Firstly, when it comes to high-level mindreading, the emphasis on natural selection is a highly compelling (and widely accepted) evolutionary hypothesis: given the complexity of our mindreading abilities, adaptationist explanations of their evolution should loom large (see e.g. Cosmides and Tooby 1992; Pinker and Bloom 1990; Dawkins 1986). Furthermore, the particular adaptive scenario chosen here—i.e. the one that focuses on improved social interactions—is among the most plausible ones available, and also widely endorsed in the literature (see e.g. Byrne and Whiten 1988; Sterelny 2003). Lastly, as yet, no specific historical preconditions have been identified that might have fundamentally altered the workings of natural selection in this case. In short: even though (i) and (ii) cannot yet be considered fully corroborated, they do represent highly plausible hypotheses.

Secondly, arguments from natural selection like the one above can have evidential significance even in the absence of a full confirmation of the equivalents of (i) and (ii). While these arguments are not strong enough to force us to accept one theory or another, they are still strong enough to present evidence in favour of one theory over another—i.e. they can point to factors that tilt the balance of reasons towards one particular side (see also Sober and Wilson 1998; Schulz forthcoming). In particular, in the present context, this kind of argument can make clear that there are interesting and important considerations speaking in favour of information-poor mindreading. While it is not yet fully clear how important these considerations are, their existence must still be admitted to be relevant to the debate surrounding high-level mindreading—especially given the fact that other sources of evidence concerning this matter are quite ambiguous.

Finally, the argument given above is also useful for purely methodological (i.e. non-evidential) reasons: it can help make clearer what studies and investigations ought to be done in order to get more evidence about the nature of the mindreading mechanism. For example, the above makes clear that it would be beneficial for the resolution of the debate between information-rich and information-poor theories of mindreading to have (more) evidence concerning:

  1. 1.

    our ability to solve mindreading and decision/inference making problems in parallel.

  2. 2.

    the general possibility of embedding two systems in our minds in such a way that they are usable as backups, but that their inputs can still be kept strictly apart in the course of their normal operation.

  3. 3.

    the neural localisation of the high-level mindreading and the decision/inference making systems.
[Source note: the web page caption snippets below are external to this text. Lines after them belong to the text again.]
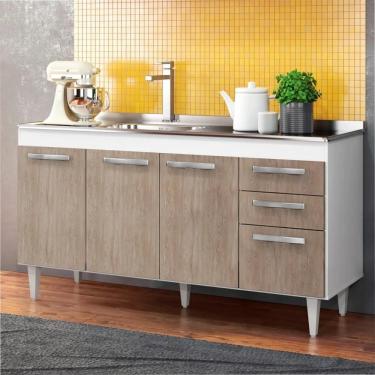 Imagem de Balcão Gabinete Para Pia 150cm Sem Tampo Lisboa Branco/castanho - Lumil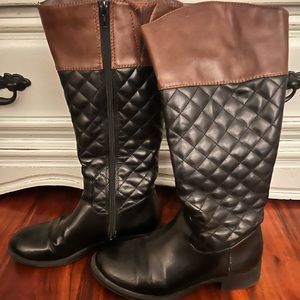 Black & Brown tall boots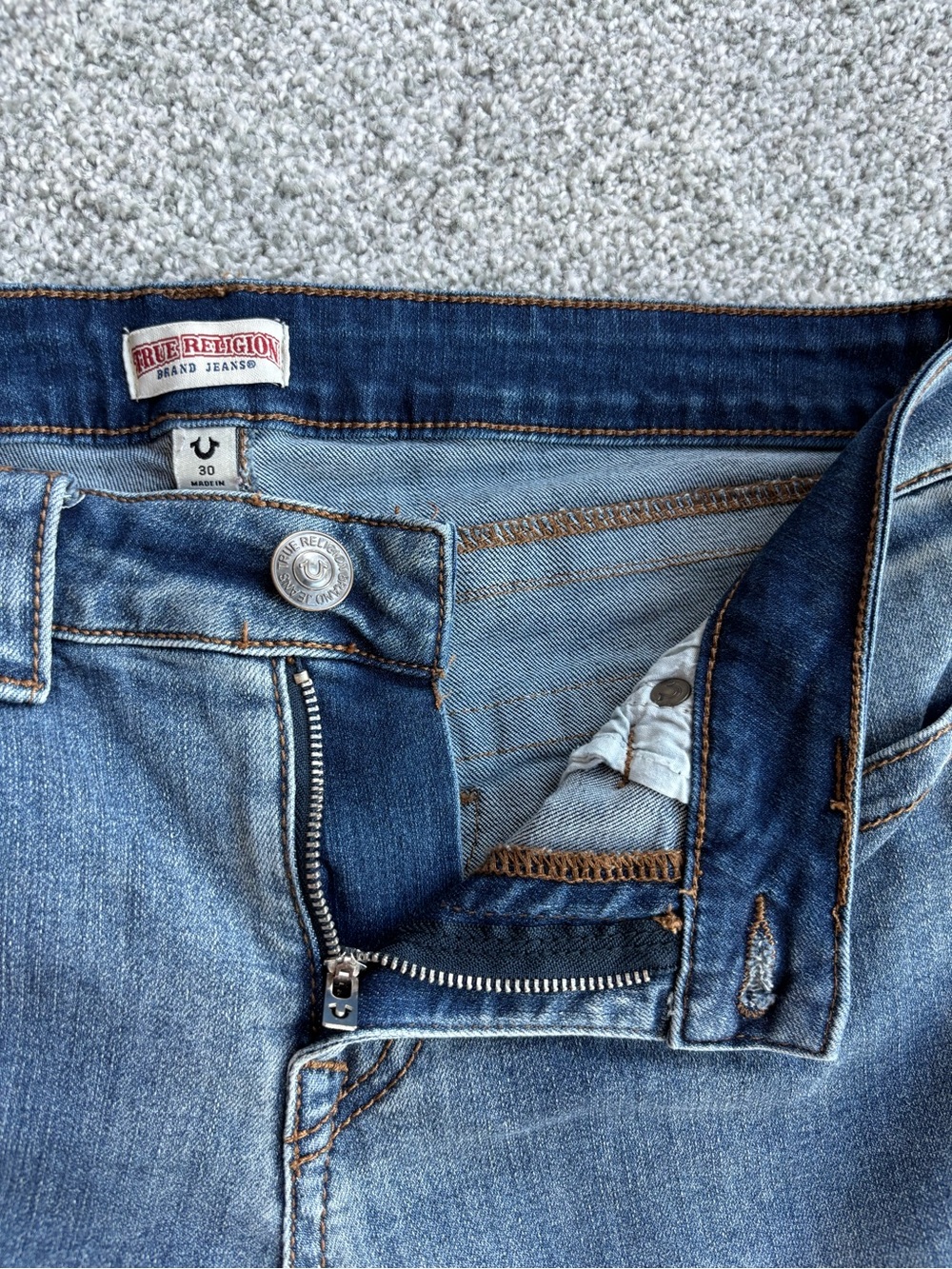 True Religion Becca Cargo Bootcut Jeans 30 Low Rise Y2K Rare Style - Picture 3 of 16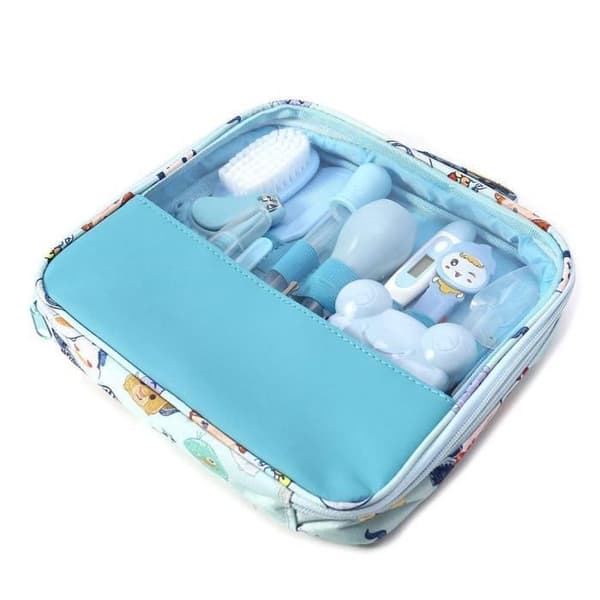 13 st/set Nyfödd Baby Barn Nagelklippare Hår Hälsovård Termometer Grooming Borstkit (Blå)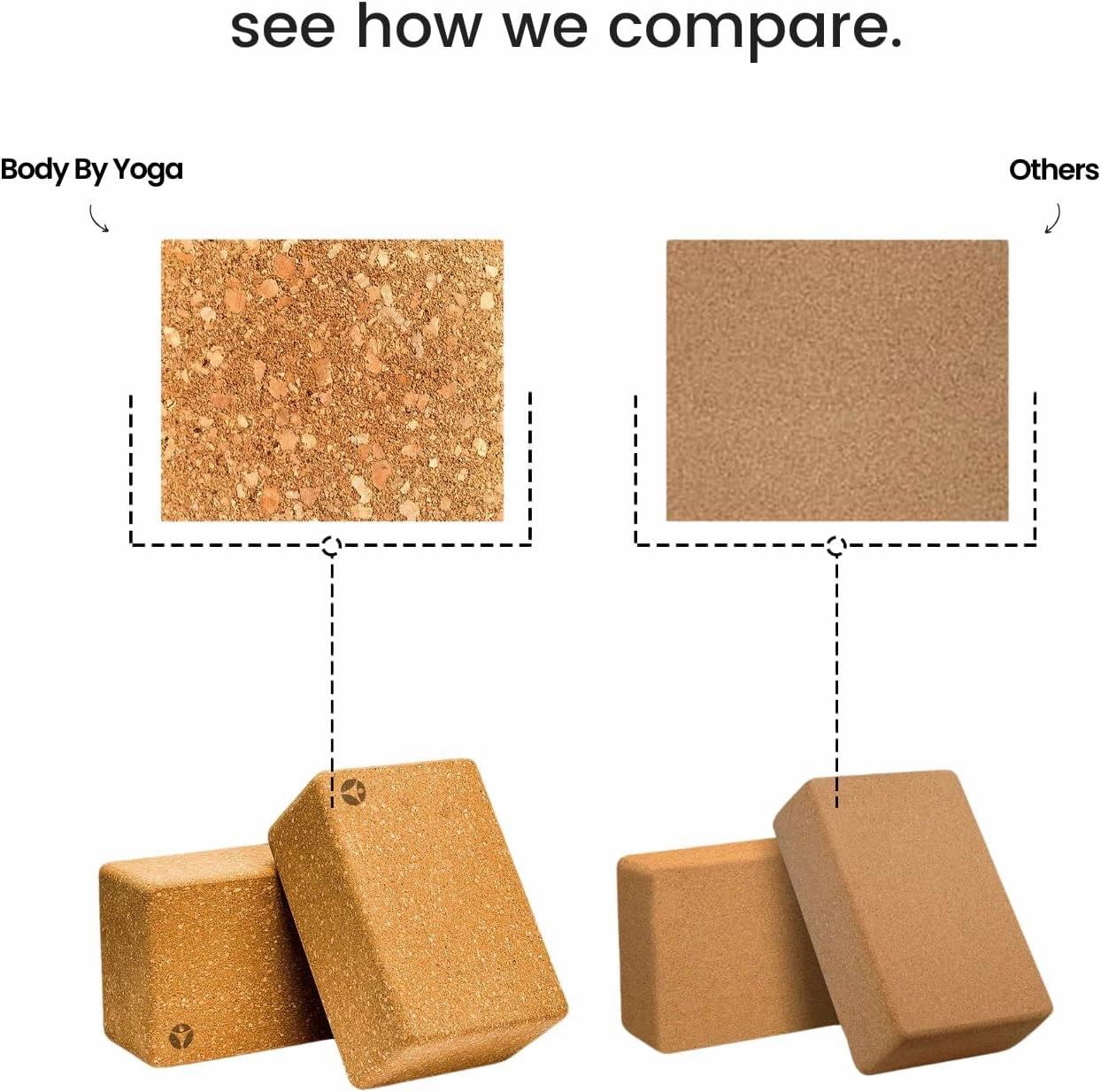 Luxury Cork Yoga Block Set - Extra Large Yoga Blocks with Performance Grade Portuguese Cork | High Density, Non-Slip Support for Safer Balancing | 2 Pack | Extra Long Yoga Strap Included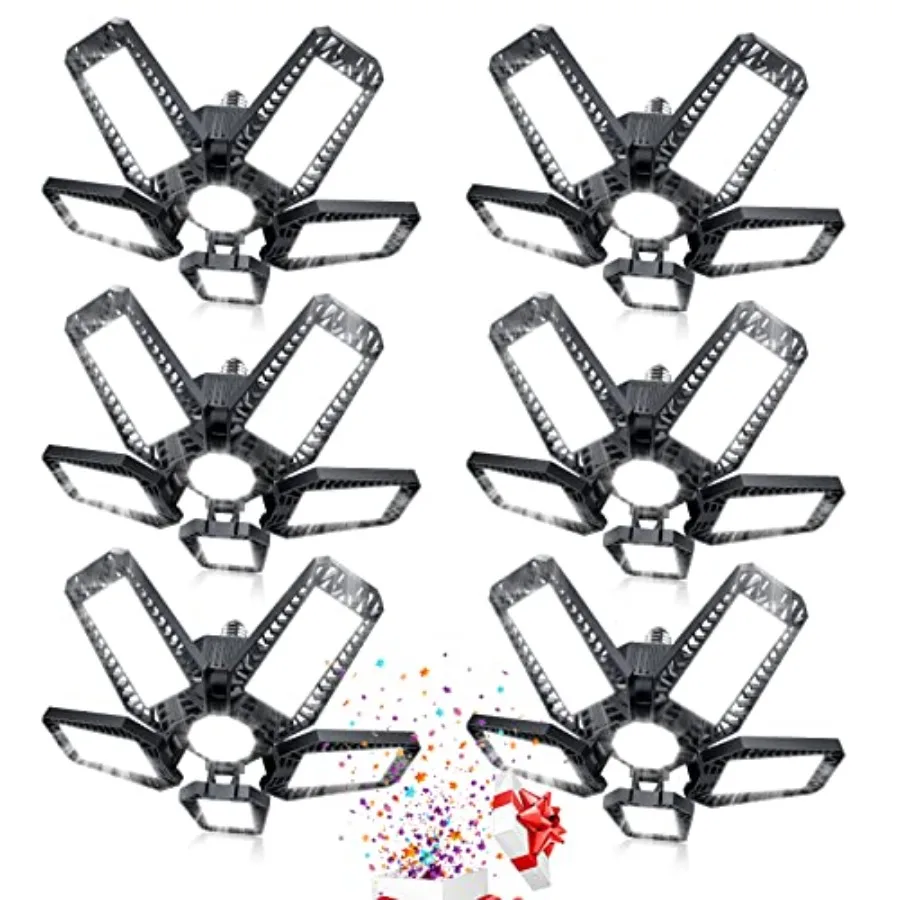 Garage Lights - 0W 000LM 500K Screw in LED Garage Lights 5+ Deformable Panels for Basement, Workshop, Attic, E/E7, Black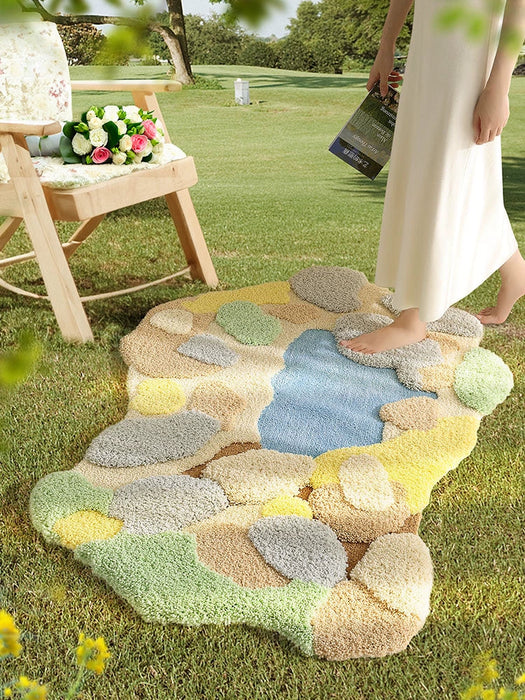 Feblilac Irregular Light Colored Moss Bedroom Rug Long Runner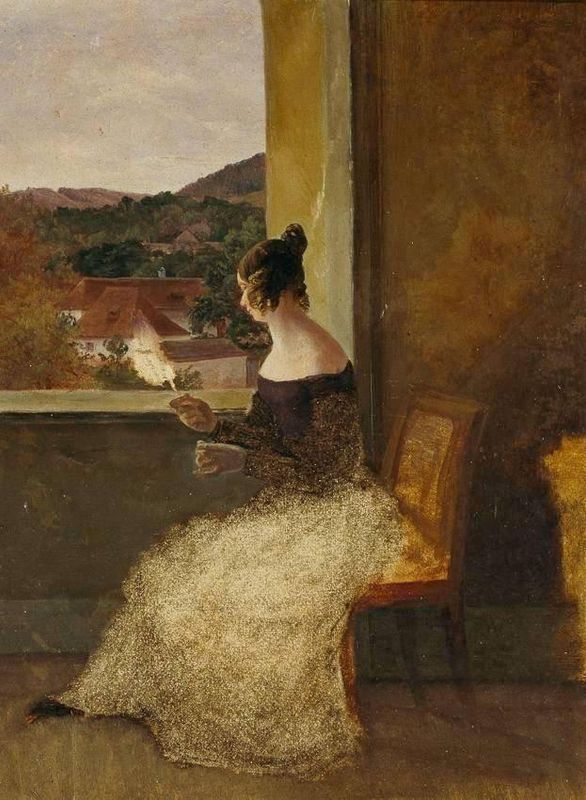 Woman at a Window with Distaff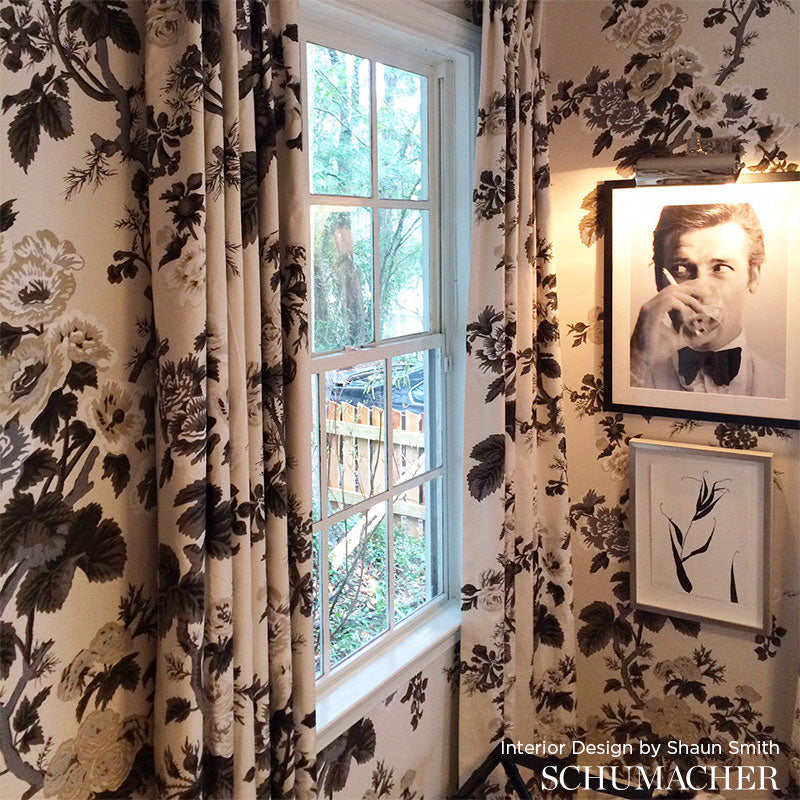 Schumacher Pyne Hollyhock Charcoal Wallpaper Sample 5006920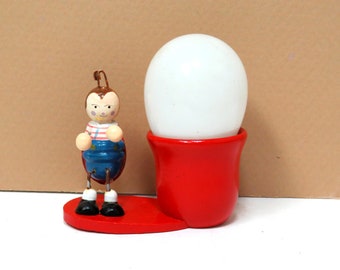 Ladybug Boy Vintage Egg Cup/ Cute  Erzgebirge Style Wood Folk Art Egg Holder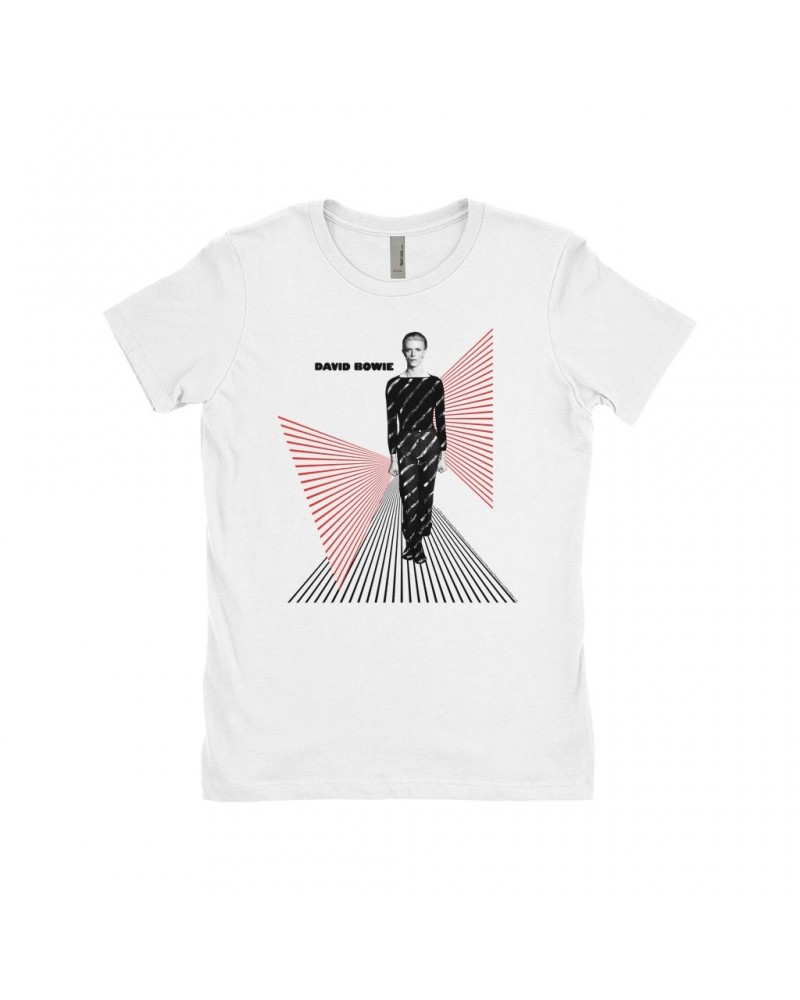 David Bowie Ladies' Boyfriend T-Shirt | All In Stripes Design Shirt $9.98 Shirts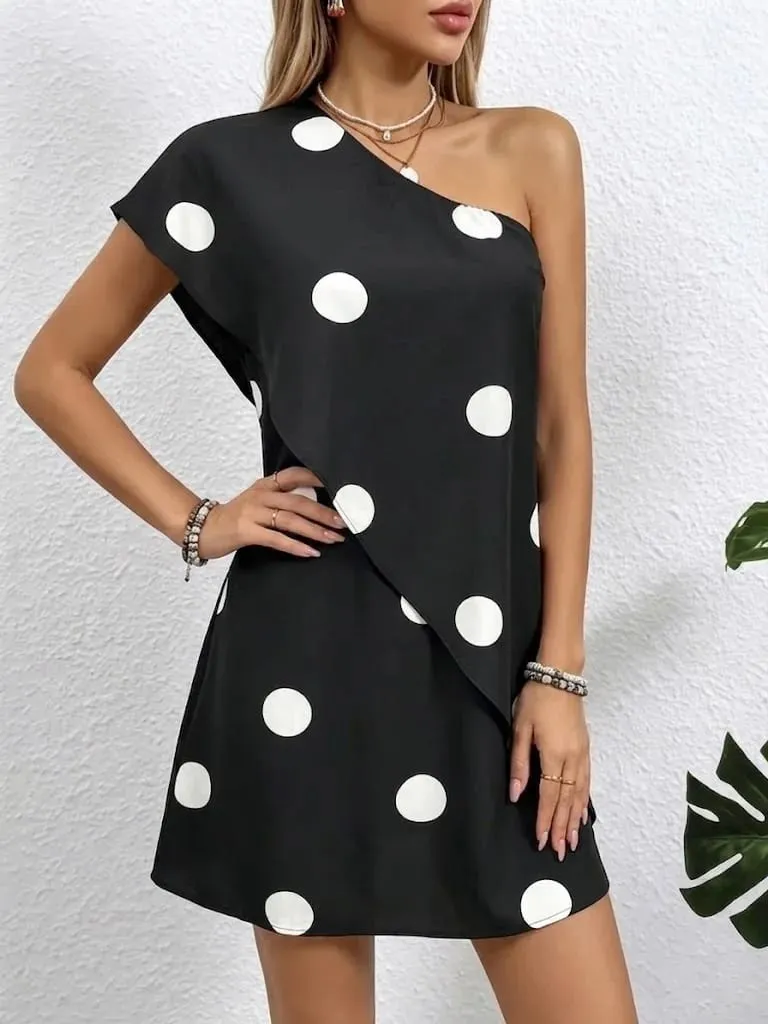 Ladies Elegant Casual Simple Polka Dot Print Ruffle Hem Dress Women's Fashion Round Neck Short Sleeve Dress — image 5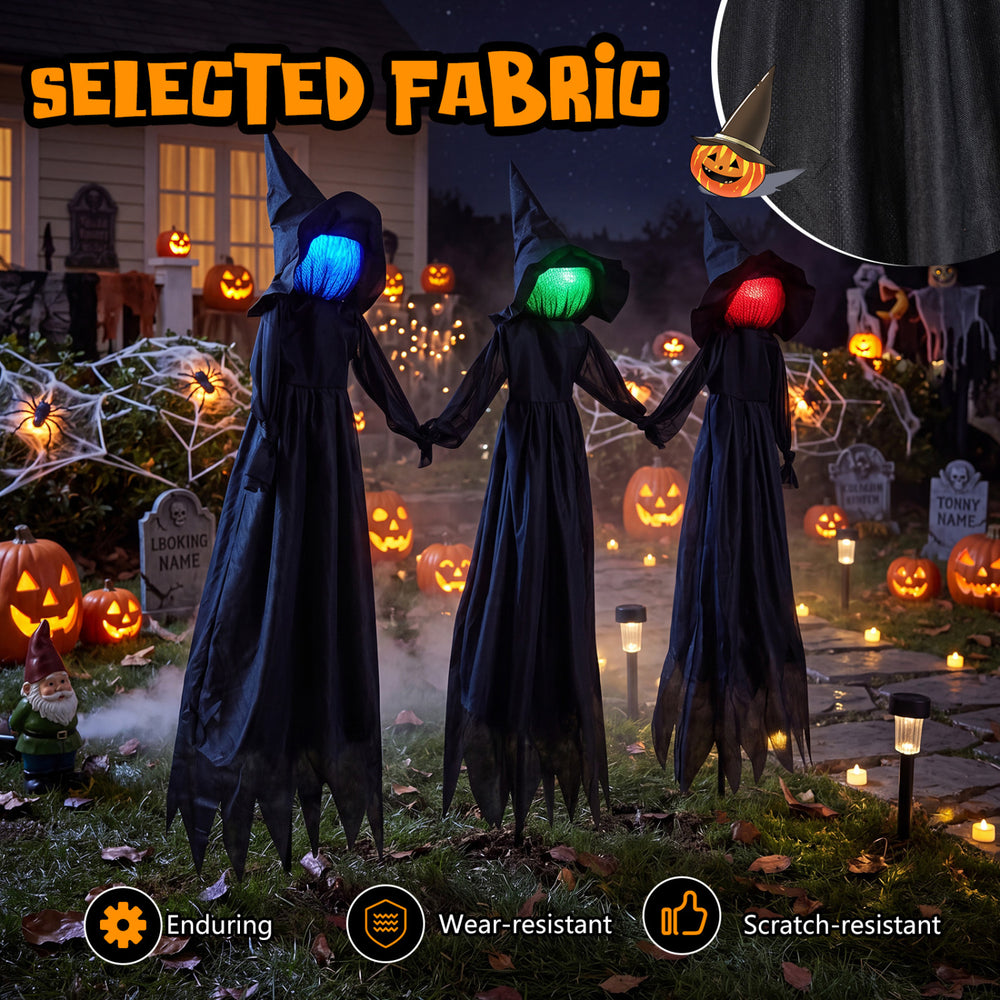 Three outdoor Halloween witch decorations feature LED lighted faces, wear-resistant fabric, perfect for yard displays.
In this context, it is also important to note that it is in particular the above argument that brings out the importance of these tests. This does not mean that these tests could not also be derived in other ways (especially 1 and 3); the point is just that, without the above argument, it might have been much harder to see, firstly, that they are relevant here, and secondly, how they are relevant here.

5 Conclusion

I hope to have shown that, assuming high-level mindreading was the target of natural selection due to its leading to improved social interactions, there are good reasons for thinking that it is (at least partly) information-poor in nature. Specifically, I hope to have shown that the common argument that natural selection disfavours the mindreading processor from being distinct from the agent’s own reasoning systems is plausible—but also that matters here are much more complicated than is frequently supposed. In particular, I hope to have shown that it is also necessary to consider whether the costs of a potential duplication of this processor are balanced by potential benefits from parallel processing or the existence of backup systems. While this does not seem to have been the case, it remains true that it is only by taking these issues into account that the argument from simplicity can be made plausible at all. Finally, in this way, I also hope to have shown how evolutionary considerations can inform philosophical and psychological theorising more directly than by merely providing ‘just so stories’. Overall, therefore, while certainly not ending the dispute concerning the nature of high-level mindreading, the evolutionary argument presented here does present a step towards its resolution.